Cementerio de la Recoleta (Buenos Aires, Argentina)

For many years, this was the only cemetery in Buenos Aires. As the wealthy class of Argentina expanded, they chose to fill Recoleta with marble sculpture inspired by the statuary in Pére Lachaise and Staglieno Cemetery. Of the 5,500 mausoleums in La Recoleta, several have been declared national treasures.

Portrait sculpture fills the cemetery. Among the politicians, generals, and bankers stands David Alleno, a caretaker in the cemetery who hired an Italian sculptor to portray him — life-size — with his broom and watering can. Boxer Luis Angel Firpo is depicted in his robe as if waiting for the fight to begin. Several bronze soldiers stand guard throughout the cemetery.

09
Highgate Cemetery (London, England)
Loren Rhoads

Highgate Cemetery (London, England)

When the London Cemetery Company founded Highgate Cemetery, they envisioned the "garden cemetery" as a place of beauty where Londoners could escape the smoke and dirt of their city. The graveyard offered controlled nature — serene, parklike, safe — beside the wilderness of Hampstead Heath.

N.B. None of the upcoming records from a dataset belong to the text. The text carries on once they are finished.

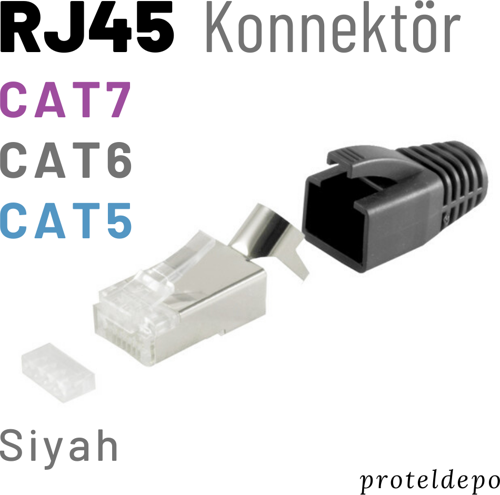 RJ45 FTP Konnektör, Cat7, Cat6 Kablo uyumlu, renkli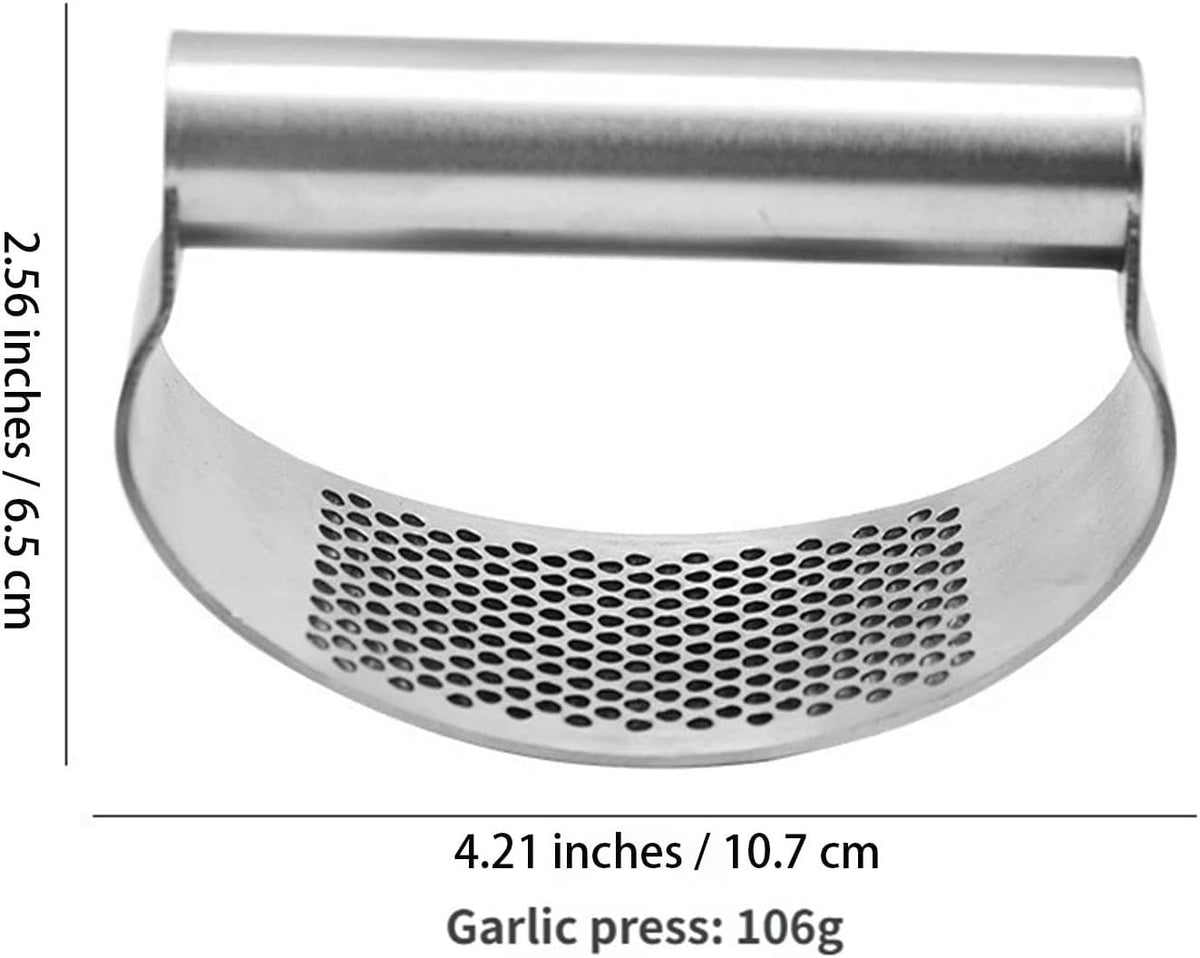 Garlic Press Rocker, Crusher Grinder Masher Bottle opener, Portable Manual Stainless Steel Wide Handle Garlic Crusher with Peeler(Style1-2pcs)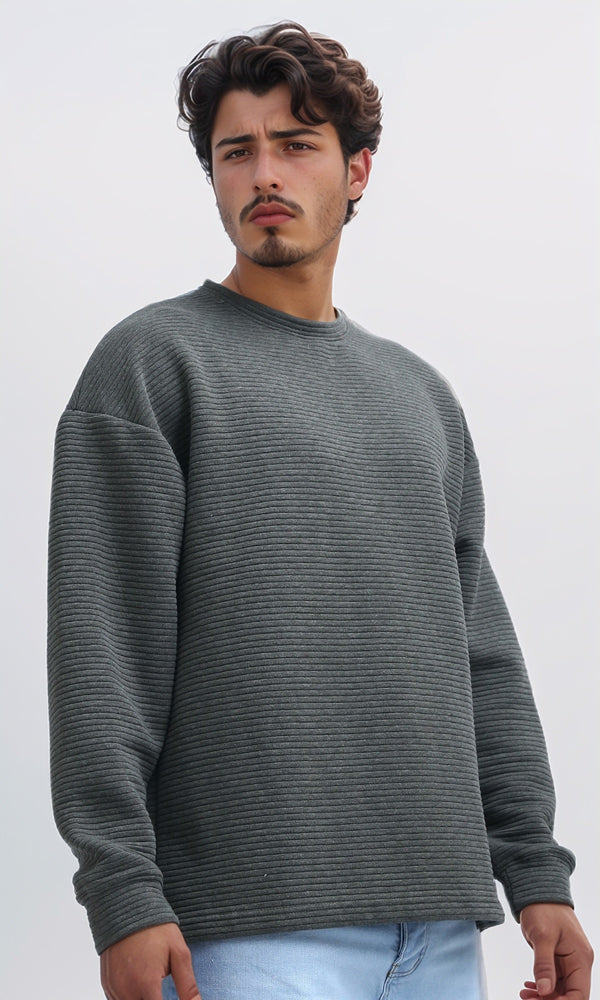 O202207 - Solid Long Sleeves Round Neck Sweatshirt - Olive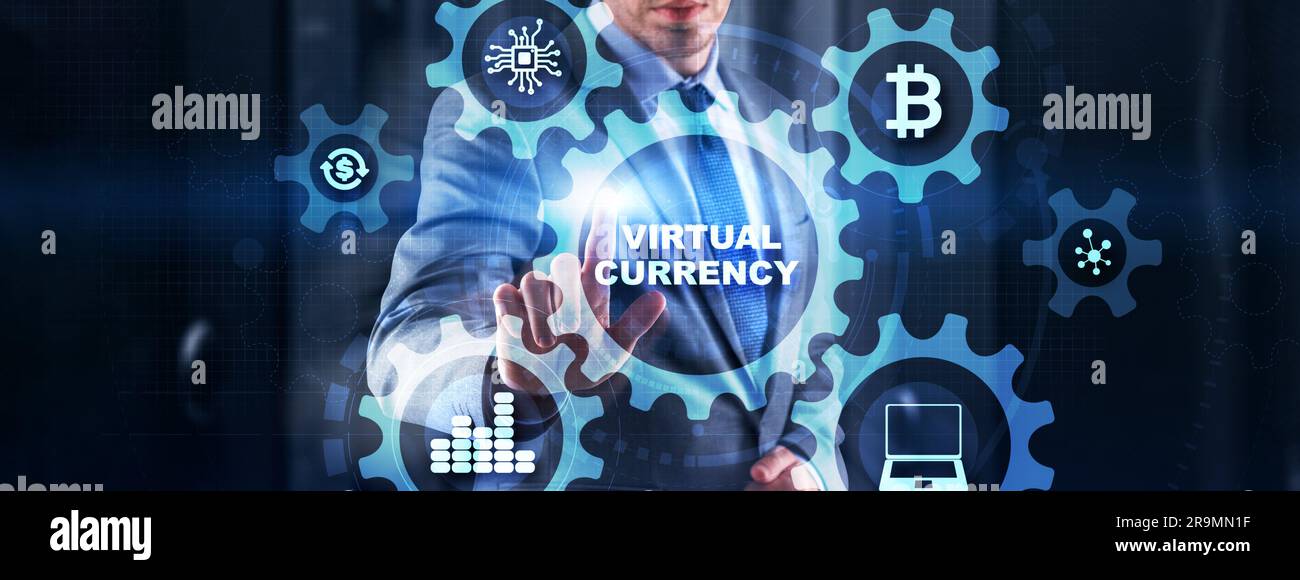 Virtual Currency Financial Technology Background Exchange Investment concept. Stock Photo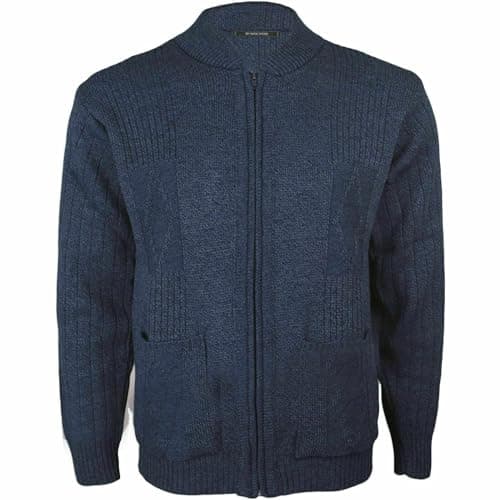 Image of Mens Classic Style Plain Cardigan Zip Up Thick Knit Warm Winter Sweater Knitted V Neck Zipper Long Sleeve Knitwear Vintage Jumper (Plain Zip Navy,XL)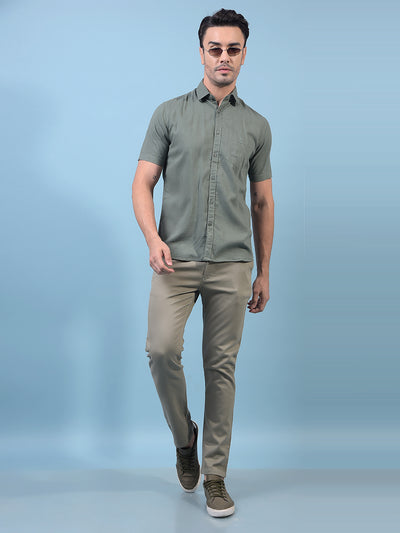 Men's Green Linen Shirt-Men Shirts-Crimsoune Club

By the end of the 1960s, Highgate Cemetery was choked with weeds, shadowed by a dense forest of ornamental trees, and colonized by wildlife from Hampstead Heath that included foxes, hedgehogs, and rabbits. The overgrown cemetery was featured in Taste the Blood of Dracula, one of Hammer Studio's costume thrillers starring Christopher Lee. Perhaps that inspired the outbreak of vampire hunting that mutilated Highgate Cemetery in the 1970s.

10
Green-Wood Cemetery (Brooklyn, New York)
Shutterstock

Green-Wood Cemetery (Brooklyn, New York)

In 1838, Brooklyn's Green-Wood Cemetery followed the garden cemetery movement pioneered in the United States by Cambridge's Mount Auburn. These burial grounds didn't belong to churches, but used the beauty of their landscaping to attract clientele. Sightseers took trains from Manhattan merely to walk Green-Wood's 20 miles of paths and admire its statuary, sit by its fountains, and gaze at its views. In 1860 alone, the cemetery pulled in half a million visitors: a tourist attraction second only to Niagara Falls in all of North America.

11
Hollywood Forever (Hollywood, California)
PD

Hollywood Forever (Hollywood, California)

In the early days of the film industry, Hollywood Memorial Park was to die for. Film folk flocked to the cemetery, which backs against the Paramount Studios lot.

The Old Hollywood glamour wore thin and the cemetery fell on hard times, compounded by damage caused by the Northridge earthquake in 1994. Luckily, the cemetery was rescued in 1998 by a young entrepreneur who changed its name, showed movies on the mausoleum walls, booked concerts, hosted a huge annual Día de los Muertos event — and generally lured young people back to the graveyard.